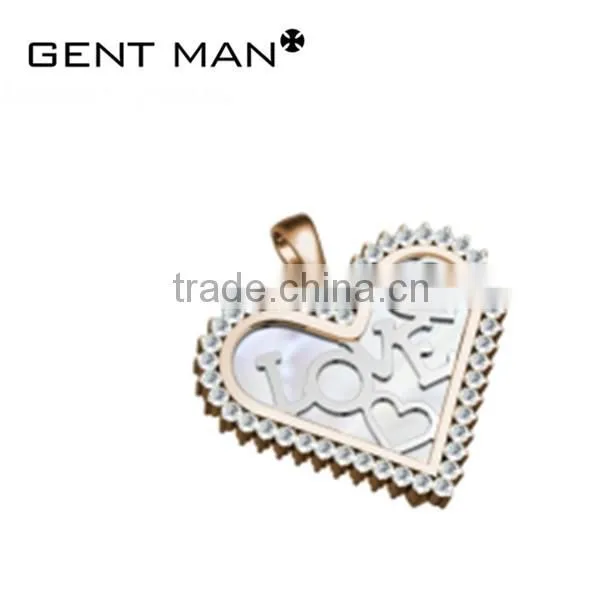 young girl most like cute heart shaped pendant girlfriend heart pendant necklace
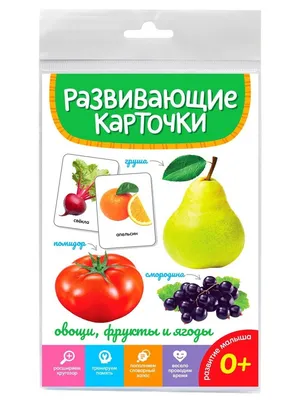 Английское лото "FRUIT-VEGETABLES" ("ФРУКТЫ-ОВОЩИ")-купить лото для раннего  развития детей-интернет-магазин-доставка по России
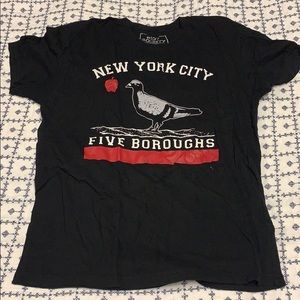Black Riot Society NYC T-shirt size medium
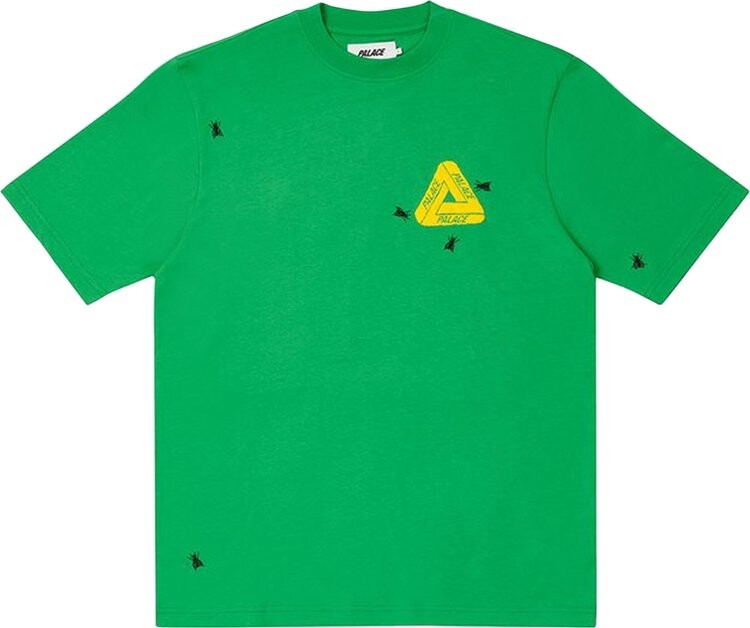 

Футболка Palace Fly T-Shirt 'Green', зеленый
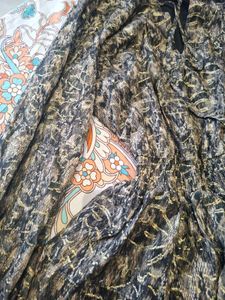 INC ruffle dress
........
§ PROBLEM TO WORK ON: Could you write the entries out again exactly, without their pictures?

§ RESPONSE:
 young girl most like cute heart shaped pendant girlfriend heart pendant necklace
 Английское лото "FRUIT-VEGETABLES" ("ФРУКТЫ-ОВОЩИ")-купить лото для раннего  развития детей-интернет-магазин-доставка по России
Black Riot Society NYC T-shirt size medium

Футболка Palace Fly T-Shirt 'Green', зеленый
 INC ruffle dress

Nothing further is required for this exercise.